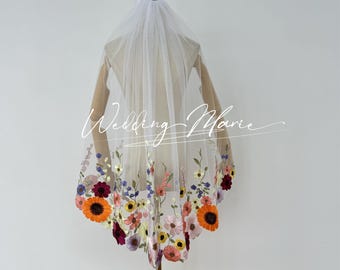 May include: White bridal veil with a floral embroidered border. The embroidery features a variety of colorful flowers, including orange, yellow, pink, purple, and red.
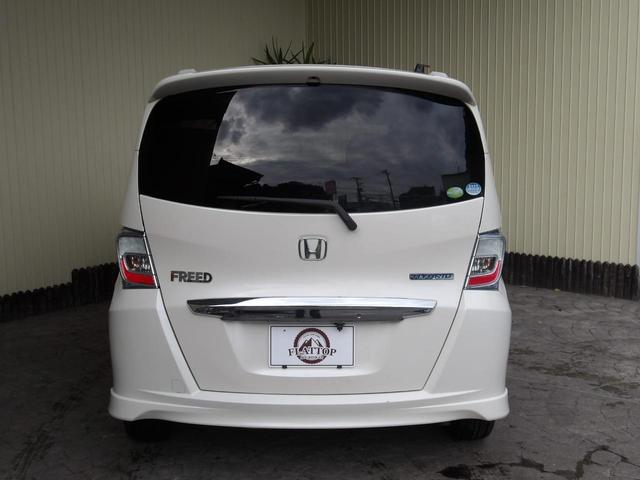 フリードハイブリッド ジャストセレクション　６人乗り／両側電動ドア／ハーフレザーシート／純正アルミホイール／イクリプスナビ／ＴＶ／ＢＴ／バックカメラ／ＥＴＣ／プレミアムホワイト・パール／禁煙車（6枚目）
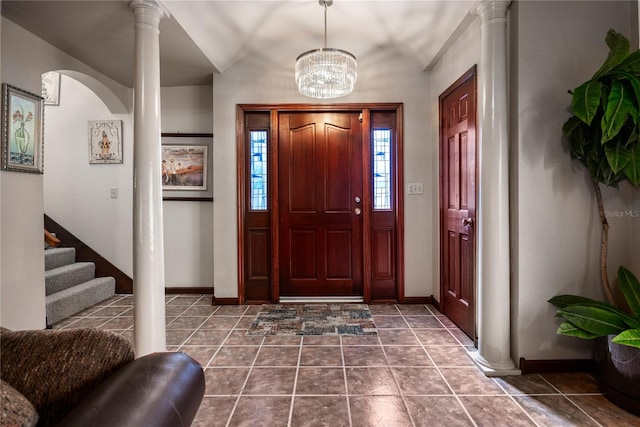 foyer entrance with an inviting chandelier, lofted ceiling, decorative columns, and dark tile patterned flooring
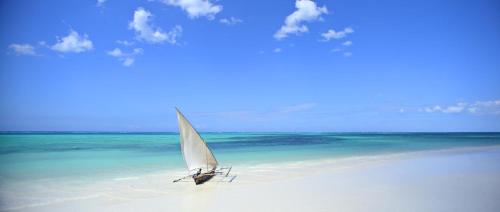 a sailboat on a beach with a sky background at Sultan Sands Island Resort in Kiwengwa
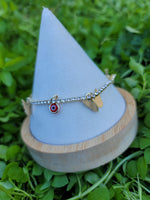 Butterfly with red evil eye  Cristal bracelet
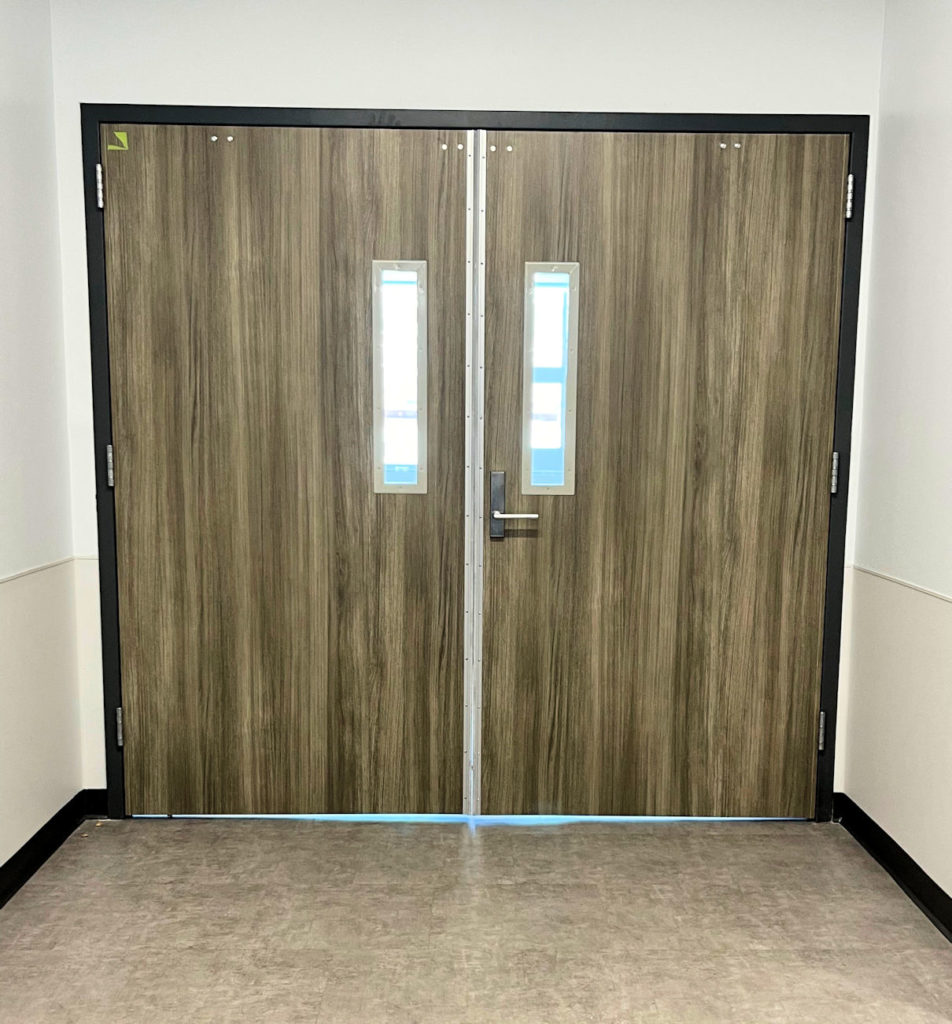 Are you aware of the current clearance requirements of NFPA 80, which allow up to 3/16-inch clearances on 20-minute fire doors in hollow metal frames?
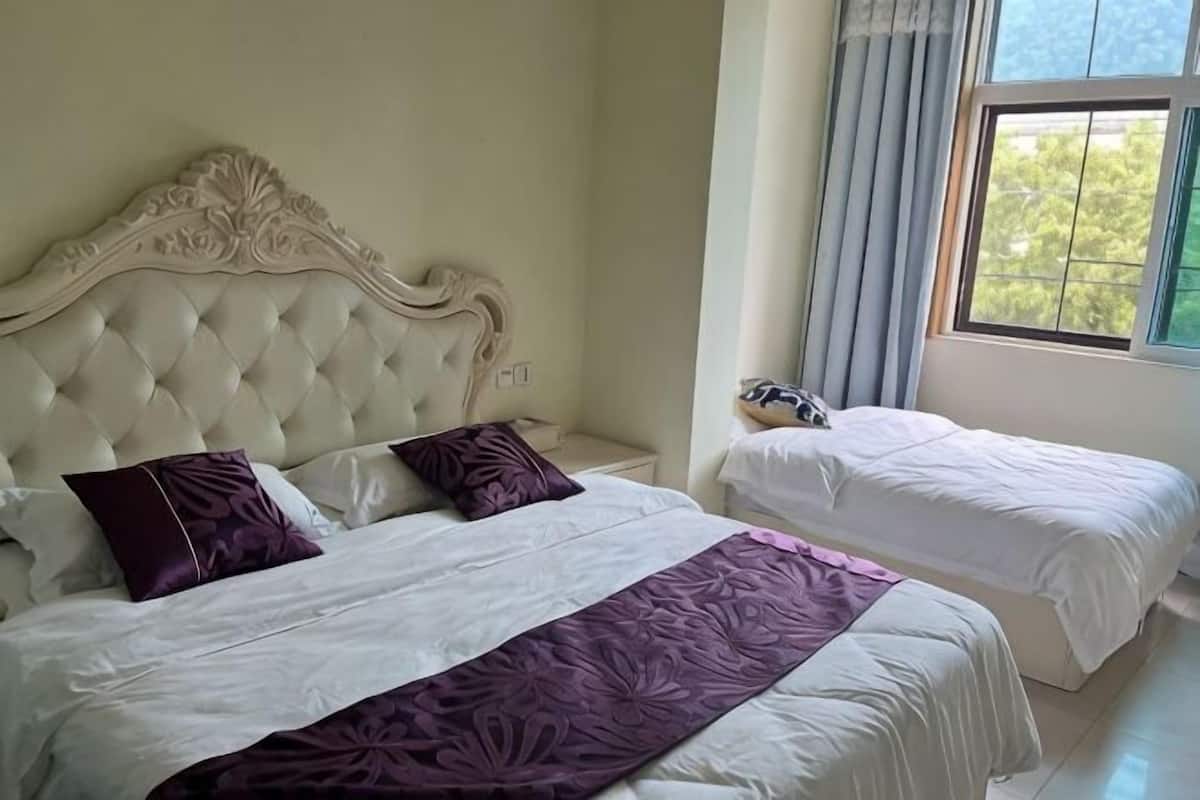 A bedroom with two beds, a large window, and a nightstand with a lamp.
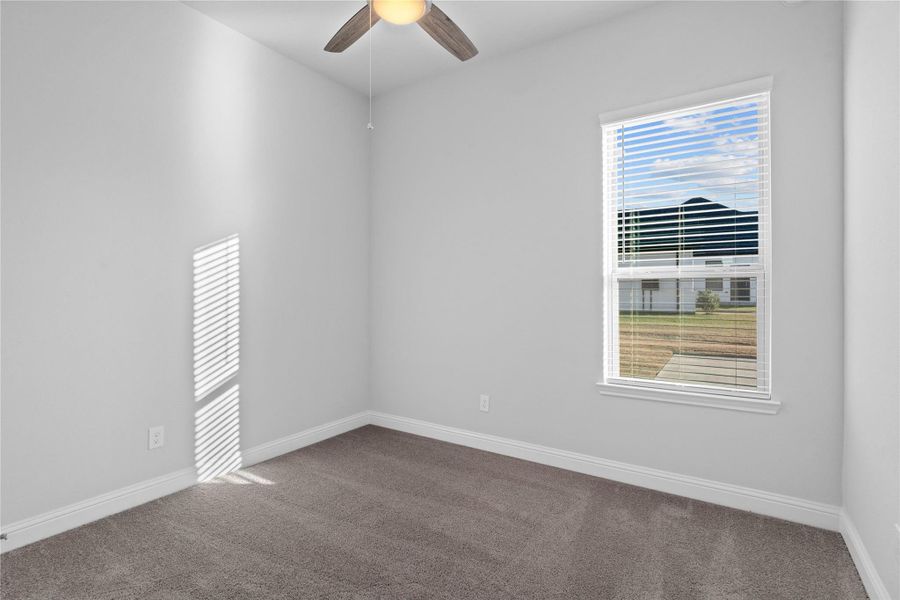 This bright secondary bedroom offers a versatile and neutral space, ideal for a guest room, home office, or quiet retreat. This bright secondary bedroom offers a versatile and neutral space, ideal for a guest room, home office, or quiet retreat.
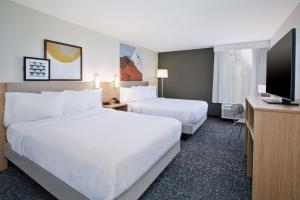a hotel room with two beds and a flat screen tv at Spark By Hilton Jackson Ridgeland in Jackson +18 photos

--*--

WHAT THE TASK ASKS
Give back, word for word, the lines from the line that contains "フリードハイブリッド ジャス" through the last line of the records, with no pictures and nothing else.

EXERCISE SOLUTION
 フリードハイブリッド ジャストセレクション　６人乗り／両側電動ドア／ハーフレザーシート／純正アルミホイール／イクリプスナビ／ＴＶ／ＢＴ／バックカメラ／ＥＴＣ／プレミアムホワイト・パール／禁煙車（6枚目）
 foyer entrance with an inviting chandelier, lofted ceiling, decorative columns, and dark tile patterned flooring
 a sailboat on a beach with a sky background at Sultan Sands Island Resort in Kiwengwa
 Butterfly with red evil eye  Cristal bracelet
 Are you aware of the current clearance requirements of NFPA 80, which allow up to 3/16-inch clearances on 20-minute fire doors in hollow metal frames?
 A bedroom with two beds, a large window, and a nightstand with a lamp.
 This bright secondary bedroom offers a versatile and neutral space, ideal for a guest room, home office, or quiet retreat. This bright secondary bedroom offers a versatile and neutral space, ideal for a guest room, home office, or quiet retreat.
a hotel room with two beds and a flat screen tv at Spark By Hilton Jackson Ridgeland in Jackson +18 photos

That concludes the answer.